[TASK]
Repeat exactly the line with "Şöminede yanan odun." and each line after it to the end of the data below; pictures stay out.

--- START ---

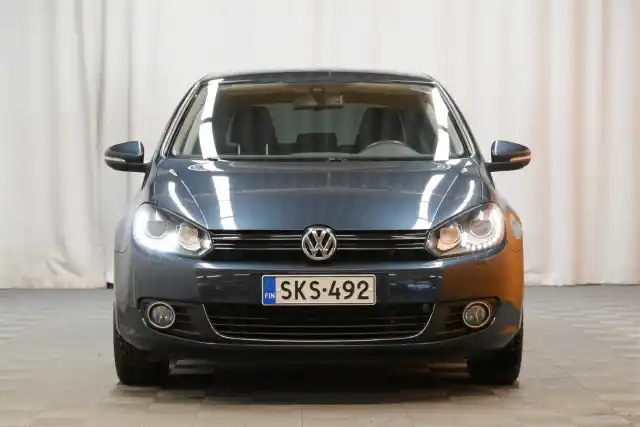 Sininen Viistoperä, Volkswagen Golf – SKS-492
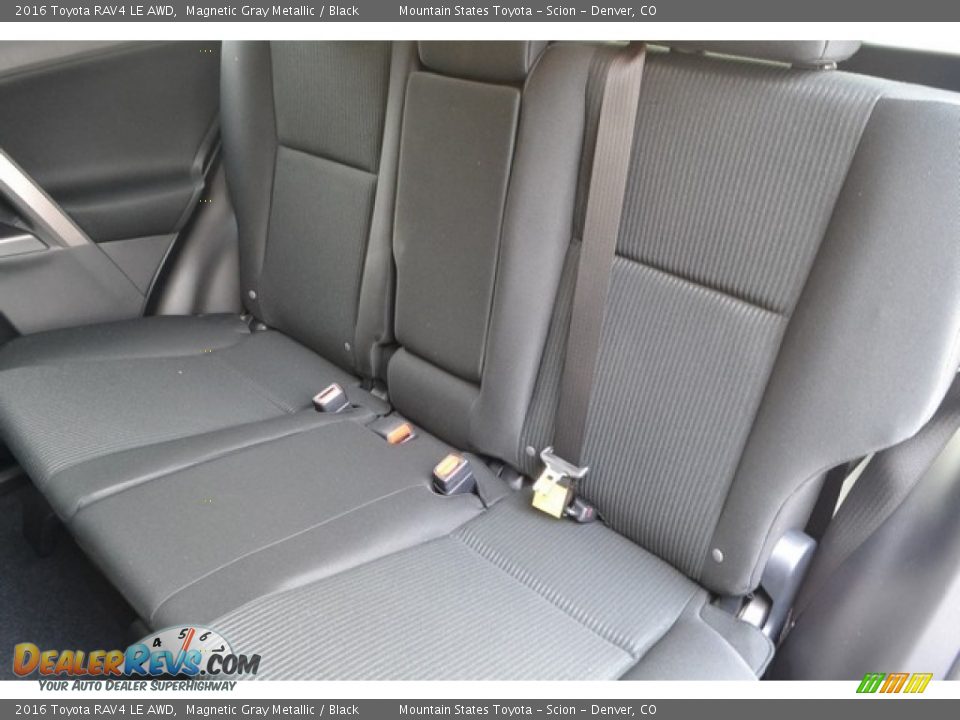 2016 Toyota RAV4 LE AWD Magnetic Gray Metallic / Black Photo #7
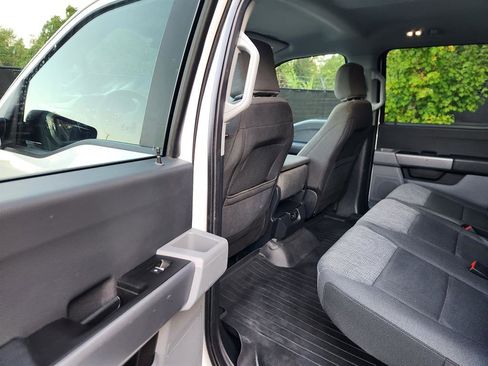 Used 2022 Ford F150 XLT image 19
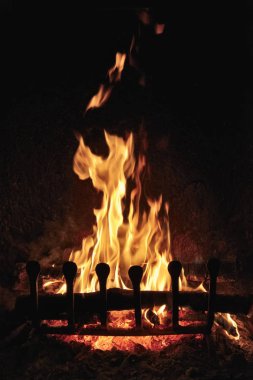 Şöminede yanan odun.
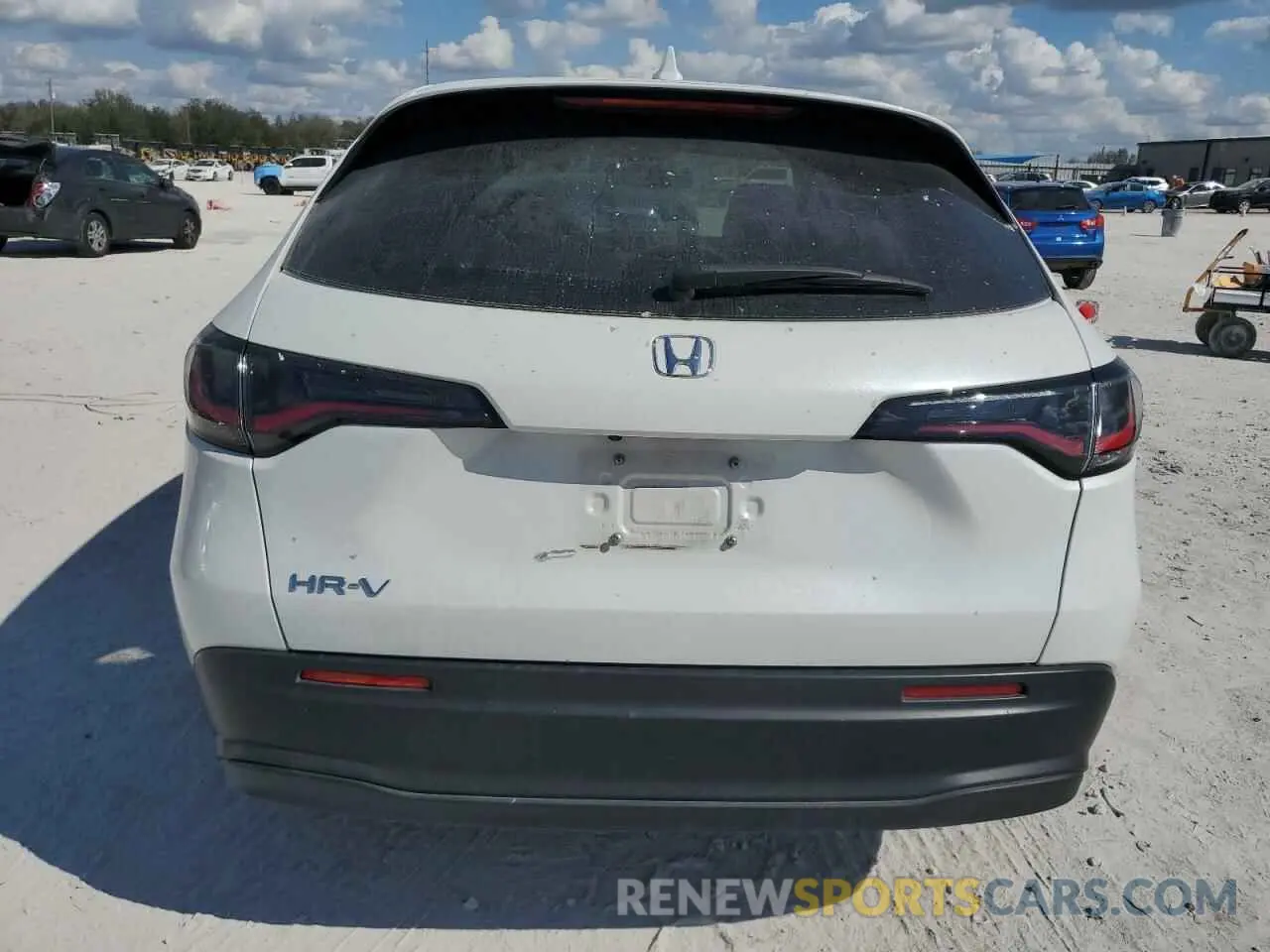 6 Фотография поврежденного автомобиля 3CZRZ1H34PM727757 HONDA HR-V 2023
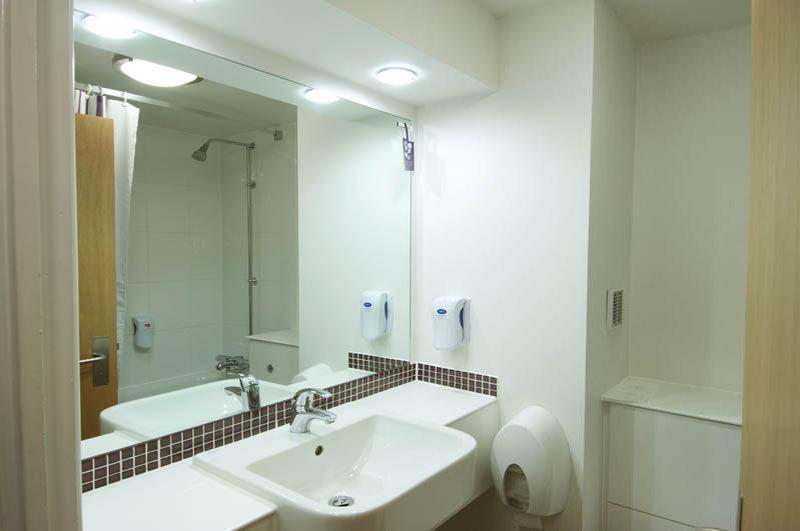 Premier West Hotel 3*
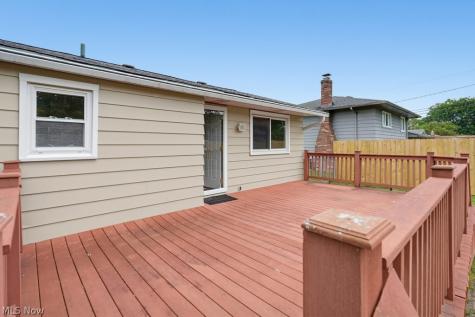 16331 Canterbury Drive Strongsville OH 44136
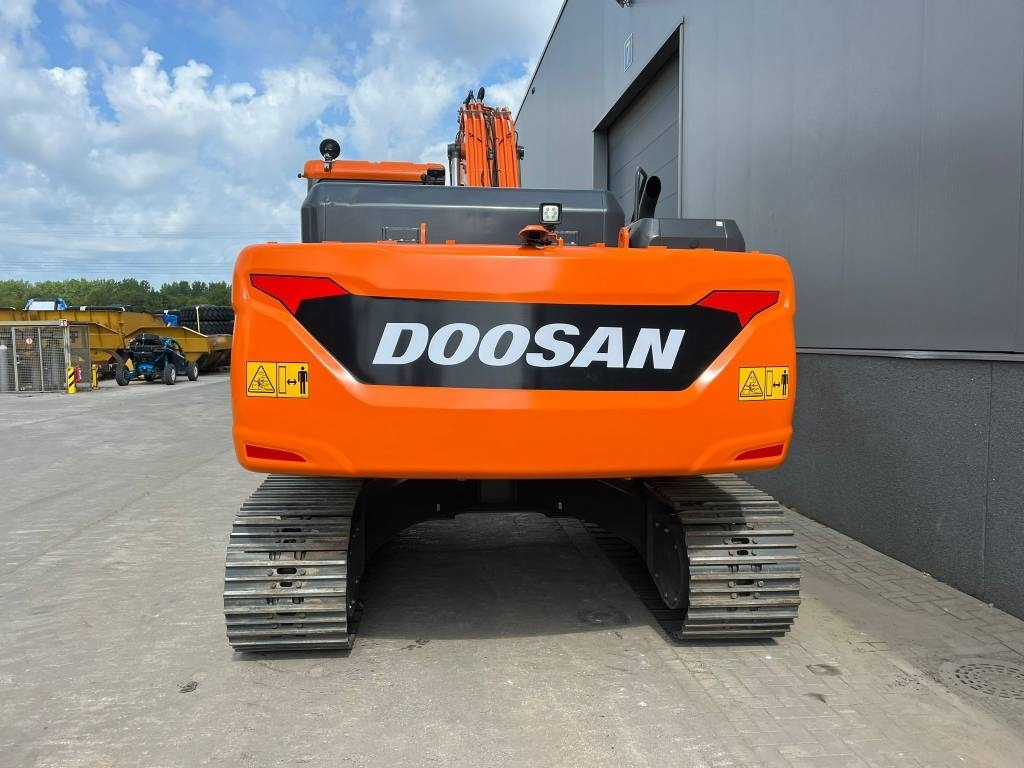 Doosan DX 225 LC-7M - Máy xúc bánh xích: hình 4 Doosan DX 225 LC-7M - Máy xúc bánh xích: hình 4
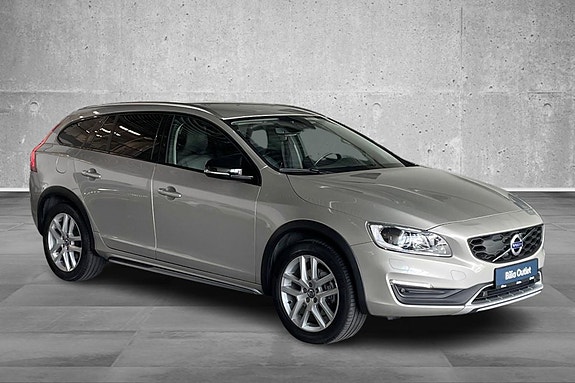 Volvo V60 Cross Country 11 of 30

--- END ---

[WRITTEN RESPONSE]
 Şöminede yanan odun.
 6 Фотография поврежденного автомобиля 3CZRZ1H34PM727757 HONDA HR-V 2023
 Premier West Hotel 3*
 16331 Canterbury Drive Strongsville OH 44136
 Doosan DX 225 LC-7M - Máy xúc bánh xích: hình 4 Doosan DX 225 LC-7M - Máy xúc bánh xích: hình 4
 Volvo V60 Cross Country 11 of 30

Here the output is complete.